In writing about the fruit and vegetable exports of coastal Peru, I could not locate any on-line maps of the farming districts of the region. It is easy, however, to distinguish these areas in Google Earth, as the color contrasts between the lush, irrigated lands and their desert environs stand out, as do the rectilinear patterns of the cultivated fields. I have therefore constructed a rather crude map indicating the main areas of intensive farming in the strip of land sandwiched between the Pacific Ocean and the Andes Mountains and extending from Lima to the Chilean border. As can be gathered by comparing the finished map with the initial Google Earth image posted here, I first outlined the cropping areas on a satellite image and then transferred the patterns to a conventional map. I was originally intending to map the entire coastal zone of Peru, but the exercise proved rather laborious and other duties unfortunately called.
As can be seen from the map, the main agricultural areas cluster in north Ica Region and in southeastern Arequipa. It is thus not surprising that many if not most articles on the produce-export business focus on the Ica Valley. Most of south-coastal Peru’s farming districts, I was surprised to see, are at some distance from the ocean. Many of the agricultural valleys are long and linear, and as a result extend well inland. Intensive cropping is often clustered, moreover, near the base of the Andes, where water can be relatively abundant.
Not all of the areas mapped specialize in producing vegetables and fruits for foreign markets. The valleys of coastal Peru have been intensively cultivated for millennia, producing a wide array of crops for subsistence and the domestic market. On Google Earth, however, it is often possible to distinguish new tracks of agricultural land, which we can assume are export-oriented, from the older farmlands. As can be seen in the image to the left, the newer fields are larger, more regular and compact in shape, and more intensively irrigated (at least during the season when this particular satellite image was captured). Such distinguishing characteristics are common across the coastal farming districts of southern Peru.
In the older agricultural areas, the separation of cultivated lands from the surrounding desert is usually stark, making it relatively easy to map agricultural zones. In some of the newer areas, on the other hand, rectangular patches of intensively cropped land are interspersed with patches of uncultivated desert, generating a cartographic challenge. In some of these places the areas brought under cultivation appear to be random, but in other they clearly follow the local topography (compare the two images posted to the left).

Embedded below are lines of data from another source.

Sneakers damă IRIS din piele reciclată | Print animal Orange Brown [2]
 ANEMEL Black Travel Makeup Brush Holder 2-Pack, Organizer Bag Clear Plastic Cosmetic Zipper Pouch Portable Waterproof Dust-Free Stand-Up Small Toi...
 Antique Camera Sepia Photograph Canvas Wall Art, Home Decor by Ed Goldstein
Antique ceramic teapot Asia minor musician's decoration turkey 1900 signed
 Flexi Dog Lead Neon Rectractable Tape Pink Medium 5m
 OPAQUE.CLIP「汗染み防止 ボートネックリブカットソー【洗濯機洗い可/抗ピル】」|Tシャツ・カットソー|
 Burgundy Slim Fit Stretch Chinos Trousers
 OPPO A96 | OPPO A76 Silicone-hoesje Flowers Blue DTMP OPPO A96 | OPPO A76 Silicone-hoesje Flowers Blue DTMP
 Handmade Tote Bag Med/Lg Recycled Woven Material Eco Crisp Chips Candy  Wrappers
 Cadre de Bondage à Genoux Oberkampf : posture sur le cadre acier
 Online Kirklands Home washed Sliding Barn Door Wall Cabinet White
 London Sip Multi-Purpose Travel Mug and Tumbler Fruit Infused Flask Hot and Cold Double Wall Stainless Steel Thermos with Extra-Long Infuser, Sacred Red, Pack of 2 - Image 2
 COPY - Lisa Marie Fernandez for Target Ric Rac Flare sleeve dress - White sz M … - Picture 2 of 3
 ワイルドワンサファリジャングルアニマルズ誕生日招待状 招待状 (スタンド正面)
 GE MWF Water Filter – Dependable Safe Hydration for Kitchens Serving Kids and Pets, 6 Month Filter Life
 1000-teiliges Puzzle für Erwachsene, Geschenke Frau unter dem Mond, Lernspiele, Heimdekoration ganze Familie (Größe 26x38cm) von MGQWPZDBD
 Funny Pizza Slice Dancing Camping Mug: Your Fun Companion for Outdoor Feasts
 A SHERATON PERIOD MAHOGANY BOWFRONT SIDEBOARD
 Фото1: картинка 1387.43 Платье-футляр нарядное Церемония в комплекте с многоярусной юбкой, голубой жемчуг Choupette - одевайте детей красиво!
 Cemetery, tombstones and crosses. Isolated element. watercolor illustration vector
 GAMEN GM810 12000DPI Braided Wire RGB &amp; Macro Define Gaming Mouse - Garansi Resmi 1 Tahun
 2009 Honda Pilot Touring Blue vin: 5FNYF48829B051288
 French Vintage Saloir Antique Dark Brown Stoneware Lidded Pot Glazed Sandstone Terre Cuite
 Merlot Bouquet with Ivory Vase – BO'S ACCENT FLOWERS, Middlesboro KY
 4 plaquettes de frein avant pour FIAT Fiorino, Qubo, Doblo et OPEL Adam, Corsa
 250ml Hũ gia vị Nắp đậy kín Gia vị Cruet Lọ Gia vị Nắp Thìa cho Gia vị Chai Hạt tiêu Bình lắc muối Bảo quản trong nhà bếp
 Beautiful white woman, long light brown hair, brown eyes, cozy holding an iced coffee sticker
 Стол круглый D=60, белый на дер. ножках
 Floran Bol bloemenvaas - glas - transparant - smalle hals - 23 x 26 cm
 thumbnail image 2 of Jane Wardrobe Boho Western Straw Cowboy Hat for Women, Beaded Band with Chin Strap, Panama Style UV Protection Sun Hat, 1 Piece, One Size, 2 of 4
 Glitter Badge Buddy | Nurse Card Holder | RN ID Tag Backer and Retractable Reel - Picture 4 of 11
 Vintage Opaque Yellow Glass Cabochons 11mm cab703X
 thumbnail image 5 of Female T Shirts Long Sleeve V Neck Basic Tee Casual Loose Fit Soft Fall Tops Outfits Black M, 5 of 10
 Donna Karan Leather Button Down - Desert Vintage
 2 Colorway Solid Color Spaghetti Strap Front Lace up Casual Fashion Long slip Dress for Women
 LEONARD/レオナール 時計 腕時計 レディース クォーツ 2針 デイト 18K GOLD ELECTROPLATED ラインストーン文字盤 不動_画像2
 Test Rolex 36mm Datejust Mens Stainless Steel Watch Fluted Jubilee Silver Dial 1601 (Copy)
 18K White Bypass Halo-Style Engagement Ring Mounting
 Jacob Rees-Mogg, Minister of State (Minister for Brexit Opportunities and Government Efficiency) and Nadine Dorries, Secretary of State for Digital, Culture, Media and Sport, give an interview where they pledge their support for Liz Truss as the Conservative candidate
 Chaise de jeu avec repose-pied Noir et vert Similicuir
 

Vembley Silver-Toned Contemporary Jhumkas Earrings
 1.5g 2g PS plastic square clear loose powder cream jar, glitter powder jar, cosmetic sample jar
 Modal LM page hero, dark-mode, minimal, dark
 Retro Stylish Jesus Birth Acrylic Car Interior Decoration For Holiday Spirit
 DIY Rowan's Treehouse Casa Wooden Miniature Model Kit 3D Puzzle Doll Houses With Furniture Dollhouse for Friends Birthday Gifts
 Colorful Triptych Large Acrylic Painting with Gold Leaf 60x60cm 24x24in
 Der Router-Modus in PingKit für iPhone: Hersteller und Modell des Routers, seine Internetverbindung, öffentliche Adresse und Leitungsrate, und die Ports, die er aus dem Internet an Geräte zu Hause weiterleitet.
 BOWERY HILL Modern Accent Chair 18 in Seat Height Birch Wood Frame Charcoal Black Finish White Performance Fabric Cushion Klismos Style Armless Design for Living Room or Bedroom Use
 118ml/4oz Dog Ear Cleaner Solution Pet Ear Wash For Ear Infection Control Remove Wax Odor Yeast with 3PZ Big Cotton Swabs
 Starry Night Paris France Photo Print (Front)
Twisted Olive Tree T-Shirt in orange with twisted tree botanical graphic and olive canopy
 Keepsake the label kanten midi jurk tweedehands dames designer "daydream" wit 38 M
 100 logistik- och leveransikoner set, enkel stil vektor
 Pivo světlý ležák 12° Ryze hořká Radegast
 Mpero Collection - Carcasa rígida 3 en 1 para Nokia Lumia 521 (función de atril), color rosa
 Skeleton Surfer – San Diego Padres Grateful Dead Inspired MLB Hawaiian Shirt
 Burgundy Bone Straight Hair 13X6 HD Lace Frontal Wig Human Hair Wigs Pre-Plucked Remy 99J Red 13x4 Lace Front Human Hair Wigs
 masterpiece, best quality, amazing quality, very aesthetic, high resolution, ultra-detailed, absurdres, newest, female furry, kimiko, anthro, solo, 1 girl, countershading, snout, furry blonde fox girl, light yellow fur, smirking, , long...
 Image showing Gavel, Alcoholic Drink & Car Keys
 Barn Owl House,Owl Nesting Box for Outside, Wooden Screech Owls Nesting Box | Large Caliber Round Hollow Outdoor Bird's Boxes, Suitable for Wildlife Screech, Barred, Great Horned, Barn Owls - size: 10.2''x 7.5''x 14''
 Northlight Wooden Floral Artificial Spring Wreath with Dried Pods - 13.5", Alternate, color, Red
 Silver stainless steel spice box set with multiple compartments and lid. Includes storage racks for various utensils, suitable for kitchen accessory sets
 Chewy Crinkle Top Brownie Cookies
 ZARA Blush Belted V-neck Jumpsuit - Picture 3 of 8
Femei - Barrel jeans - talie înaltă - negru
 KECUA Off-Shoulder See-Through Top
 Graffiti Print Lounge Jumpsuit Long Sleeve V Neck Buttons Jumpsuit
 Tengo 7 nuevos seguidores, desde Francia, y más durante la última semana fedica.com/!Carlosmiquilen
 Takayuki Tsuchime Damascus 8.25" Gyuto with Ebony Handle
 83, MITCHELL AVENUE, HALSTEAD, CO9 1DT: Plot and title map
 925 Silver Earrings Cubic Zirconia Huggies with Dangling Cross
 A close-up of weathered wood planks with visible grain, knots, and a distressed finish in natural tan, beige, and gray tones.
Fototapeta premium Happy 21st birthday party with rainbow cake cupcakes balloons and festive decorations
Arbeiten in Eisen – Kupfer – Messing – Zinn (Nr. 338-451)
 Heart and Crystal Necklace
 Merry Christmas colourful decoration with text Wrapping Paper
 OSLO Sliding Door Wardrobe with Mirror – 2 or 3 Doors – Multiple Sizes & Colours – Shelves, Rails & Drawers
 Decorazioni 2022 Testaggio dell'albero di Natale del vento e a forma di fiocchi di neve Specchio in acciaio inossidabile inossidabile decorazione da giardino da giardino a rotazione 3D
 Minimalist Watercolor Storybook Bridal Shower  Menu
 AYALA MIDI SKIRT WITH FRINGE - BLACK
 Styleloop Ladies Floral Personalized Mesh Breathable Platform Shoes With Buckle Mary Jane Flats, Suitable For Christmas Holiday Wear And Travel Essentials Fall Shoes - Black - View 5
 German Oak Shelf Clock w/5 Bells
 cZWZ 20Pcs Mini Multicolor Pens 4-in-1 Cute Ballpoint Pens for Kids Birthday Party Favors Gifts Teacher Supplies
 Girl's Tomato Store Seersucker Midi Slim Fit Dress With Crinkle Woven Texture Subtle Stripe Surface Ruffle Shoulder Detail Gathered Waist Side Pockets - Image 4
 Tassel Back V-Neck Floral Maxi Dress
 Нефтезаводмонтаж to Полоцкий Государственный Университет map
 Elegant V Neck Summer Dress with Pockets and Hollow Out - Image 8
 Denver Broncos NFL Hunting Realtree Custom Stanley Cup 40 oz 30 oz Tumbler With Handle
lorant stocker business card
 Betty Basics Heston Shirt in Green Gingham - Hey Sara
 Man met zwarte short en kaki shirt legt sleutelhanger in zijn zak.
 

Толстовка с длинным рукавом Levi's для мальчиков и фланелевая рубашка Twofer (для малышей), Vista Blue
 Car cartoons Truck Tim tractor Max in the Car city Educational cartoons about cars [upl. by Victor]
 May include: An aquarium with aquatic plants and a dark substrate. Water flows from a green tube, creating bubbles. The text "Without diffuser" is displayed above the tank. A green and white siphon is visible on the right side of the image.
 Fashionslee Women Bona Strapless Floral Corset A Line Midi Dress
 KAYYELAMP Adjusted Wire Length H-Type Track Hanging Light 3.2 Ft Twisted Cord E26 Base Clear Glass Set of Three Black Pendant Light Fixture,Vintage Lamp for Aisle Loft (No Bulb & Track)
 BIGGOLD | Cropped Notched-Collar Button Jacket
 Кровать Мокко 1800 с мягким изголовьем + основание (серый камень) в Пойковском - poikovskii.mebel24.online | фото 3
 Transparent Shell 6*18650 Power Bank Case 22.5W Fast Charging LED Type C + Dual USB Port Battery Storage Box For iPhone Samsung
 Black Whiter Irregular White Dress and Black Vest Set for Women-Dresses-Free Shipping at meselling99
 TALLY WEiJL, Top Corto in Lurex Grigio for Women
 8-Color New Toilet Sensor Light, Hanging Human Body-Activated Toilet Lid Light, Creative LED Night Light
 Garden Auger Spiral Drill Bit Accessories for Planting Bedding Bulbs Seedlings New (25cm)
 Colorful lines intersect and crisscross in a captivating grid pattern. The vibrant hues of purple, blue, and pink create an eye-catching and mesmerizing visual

As mentioned in the previous post, many of these new farmlands, and in particular those of the Ica Valley, are increasingly suffering from water shortages. Yet riparian forests are still found in some in some areas, as can be seen in the image to the left, which depicts a segment of the Ica Valley downstream from the main farming area. In the same slide one can see what may be abandoned fields; similar features are apparent along the margins many other cultivated corridors of coastal Peru.
Of course there is only so much that one could do with Google Earth, invaluable though it is. Detailed fieldwork in this area would be necessary to answer many of the questions posed here. Further work could also help address the appalling lack of on-line, English-language information on Peru. The Wikipedia articles on the regions of Peru, as the country’s first-order divisions are called, are meager, while those on the country’s lower-level provinces are so skimpy as to be worthless. Even finding basic information on such features as per capita GDP by region, whether in English or Spanish, proved to be too time-consuming to be worthwhile, thwarting my desire to construct an economic map of the country. Some of the Wikipedia articles on Peruvian places, moreover, are in dire need of editing. Consider, for example, this passage on the city of Nazca:
Nasca, is as it is called today, is a dry, why in time of the Incas was a formidable work of hydraulic engineering, water trayento Heights in underground branches, called aqueducts, which serve to present , to irrigate farmland and for home use.